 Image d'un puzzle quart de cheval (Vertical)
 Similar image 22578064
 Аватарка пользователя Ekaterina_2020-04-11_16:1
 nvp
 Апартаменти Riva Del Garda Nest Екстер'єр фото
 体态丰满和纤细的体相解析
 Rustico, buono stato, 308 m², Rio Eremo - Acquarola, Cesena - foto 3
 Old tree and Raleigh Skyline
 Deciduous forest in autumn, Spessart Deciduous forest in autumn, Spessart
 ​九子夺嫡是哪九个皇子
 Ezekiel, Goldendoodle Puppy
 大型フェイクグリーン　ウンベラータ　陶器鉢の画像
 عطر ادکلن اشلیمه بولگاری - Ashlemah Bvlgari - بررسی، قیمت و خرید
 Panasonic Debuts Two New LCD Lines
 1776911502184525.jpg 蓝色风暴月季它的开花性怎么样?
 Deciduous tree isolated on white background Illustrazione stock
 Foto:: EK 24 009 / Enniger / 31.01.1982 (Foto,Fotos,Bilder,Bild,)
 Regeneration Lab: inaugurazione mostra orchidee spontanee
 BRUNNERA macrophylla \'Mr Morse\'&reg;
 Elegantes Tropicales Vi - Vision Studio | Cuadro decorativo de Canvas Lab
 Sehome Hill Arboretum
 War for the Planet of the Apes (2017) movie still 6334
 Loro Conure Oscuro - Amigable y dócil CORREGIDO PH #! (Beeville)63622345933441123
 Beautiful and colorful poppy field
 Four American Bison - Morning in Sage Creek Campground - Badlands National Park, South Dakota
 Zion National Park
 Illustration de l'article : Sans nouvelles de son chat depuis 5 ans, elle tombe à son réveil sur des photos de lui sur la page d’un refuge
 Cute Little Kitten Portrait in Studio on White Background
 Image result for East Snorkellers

• • •

▸ **INSTRUCTIONS TO FOLLOW**
Copy out every line from the material above in which the word "tree" appears.

▸ **REPLY**
 Old tree and Raleigh Skyline
 Deciduous tree isolated on white background Illustrazione stock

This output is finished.